Le nom de Veix fut attribué à cette contrée par les celtes et il est très évocateur pour ce qui nous intéresse aujourd'hui. En effet Veix s'est écrit d'abord Ves, Vesco et viendrait du latin « viscum » qui signifie gui. Les druides cherchaient cette plante sur le chêne, l'arbre par excellence. Une touffe de gui poussée là venait du ciel et servait pour le culte, les sacrifices et aussi de remède pour tout mal. Et Veix a sa pierre de sacrifice que l'on appelle simplement ici la Pierre des Druides. C'est dans un lieu sans doute prédestiné, choisi que s'érige un ensemble bizarre de rochers granitiques sur lesquels repose une table plate orientée à l'est – soleil levant donc - en équilibre sur l'un d'eux.

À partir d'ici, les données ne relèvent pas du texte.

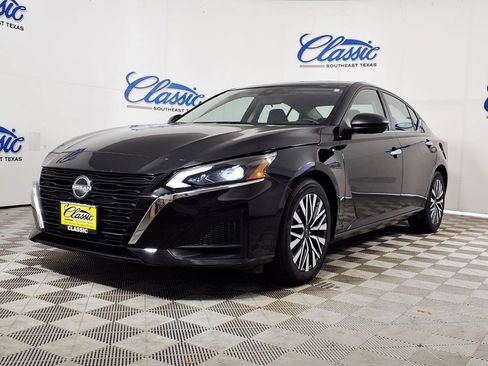 Used 2025 Nissan Altima 2.5 SV FWD image 5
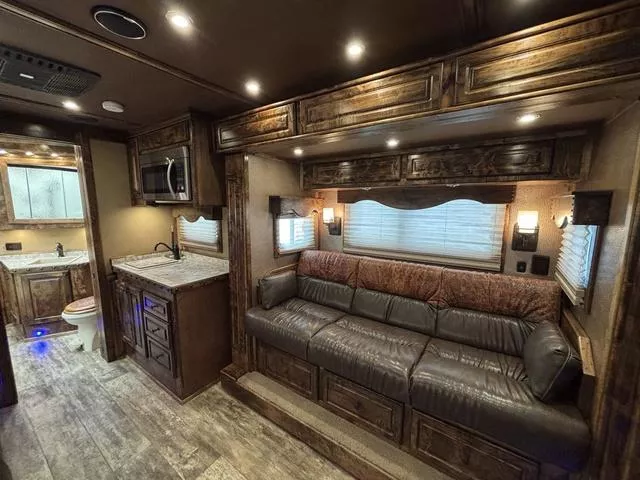 used Horse Trailers Bloomer  for sale, in Boerne, TX Thumbnail 11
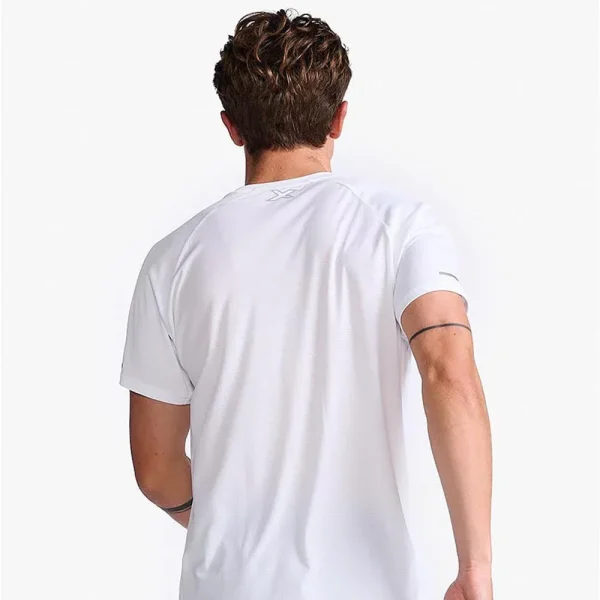 2XU Men Aero Tee - White / Silver Reflective - Image 2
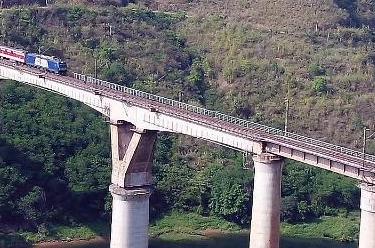 開往大山里的綠皮火車&nbsp;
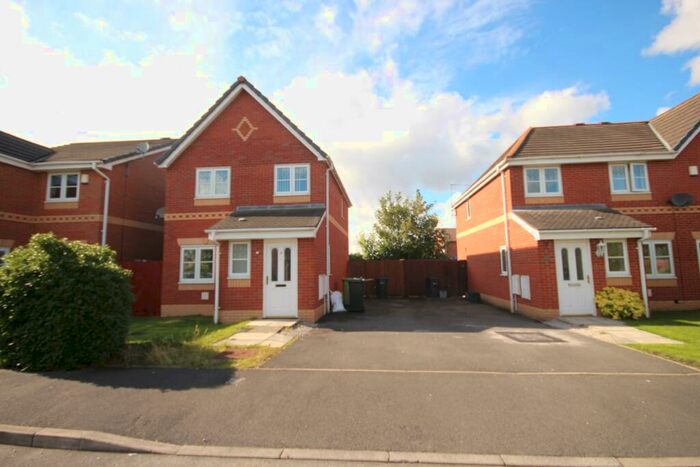 3 Bedroom Detached House To Rent In Milton Close, Ellesmere Port, CH65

Mon père m'y conduisait quelquefois. Je pense que le mystère qui plane toujours autour de ces rochers l'attirait confusément. Qu'avait-il appris à l'école du village ? Il ne m'en parlait pas, c'était un taiseux. Pour répondre sans doute à l'une de mes questions sur l'usage et l'utilité d'un tel monument il évoqua rapidement les immolations humaines pratiquées dans les temps anciens. Le soleil se couchait ce jour de notre visite et la couleur vermeille qui baignait la roche-table ne manqua pas d'enflammer mon imagination. J'en étais persuadée : le sang avait coulé ici.

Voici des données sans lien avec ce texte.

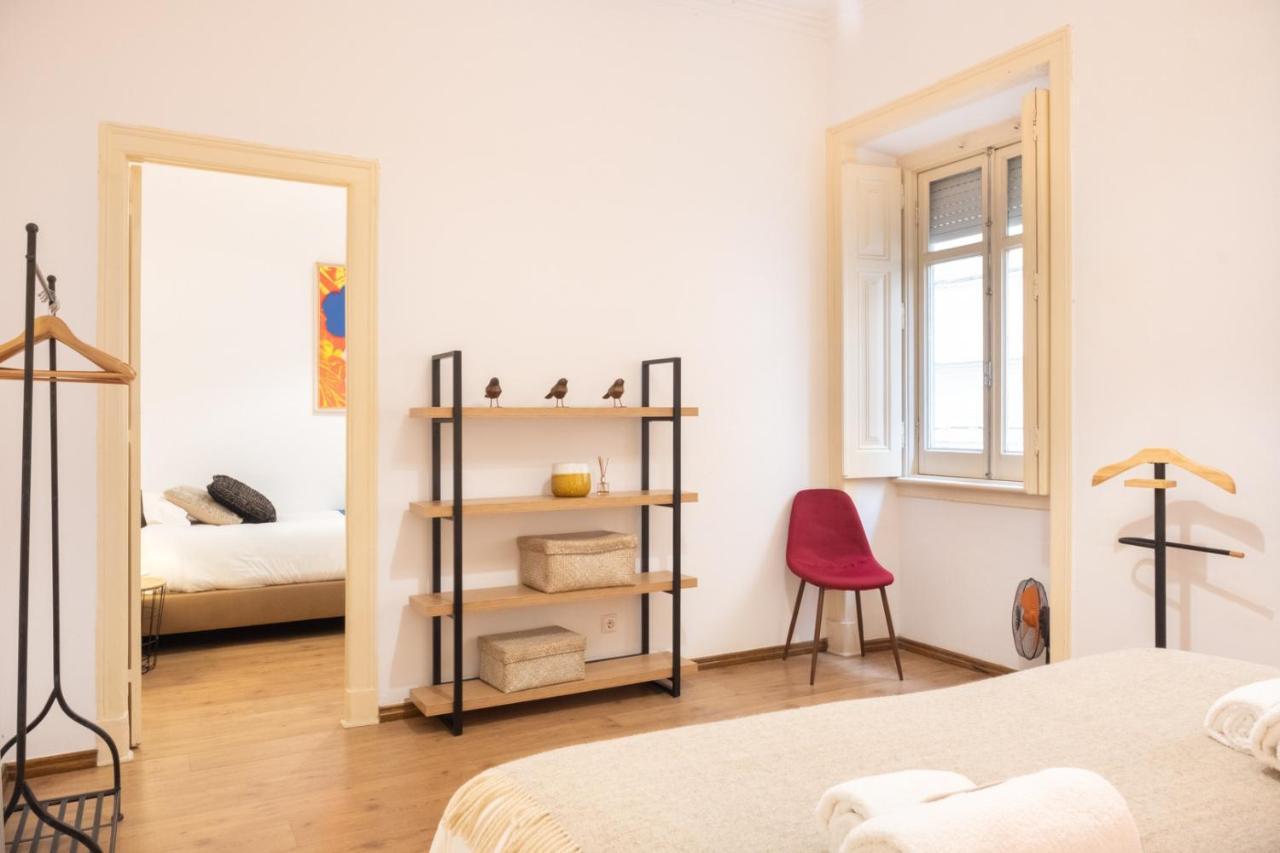 Central Apartment With Terrace By Lovelystay Lissabon Exterior foto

Qu'elle ait pu être pour certaines ethnies une pierre maléfique, qu'elle ait servi au culte païen des dieux, du soleil ou même du feu dispensés par les druides au temps des celtes ou même à d'autres peuplades désireuses de célébrer leurs croyances ne fait aucun doute. Que des sacrifices humains et des rites funéraires s'y soient accomplis beaucoup le pensent. Les gens du pays que la magie des lieux n'atteint pas forcément nomment la pierre tout simplement et assez poétiquement le Rocher de la Bergère. C'est vrai aussi que les gardiennes de troupeaux se rencontraient là pour bavarder ou s'abriter en temps de pluie en des temps moins reculés.
Pour moi l'énigmatique Pierre des Druides baigne toujours dans son mystère et toutes les supputations faites autour d'elle n'entameront jamais ma volonté de conserver sa légende. Qu'elle garde à tout jamais son âme et son silence dans la beauté de son lieu sauvage d'enracinement.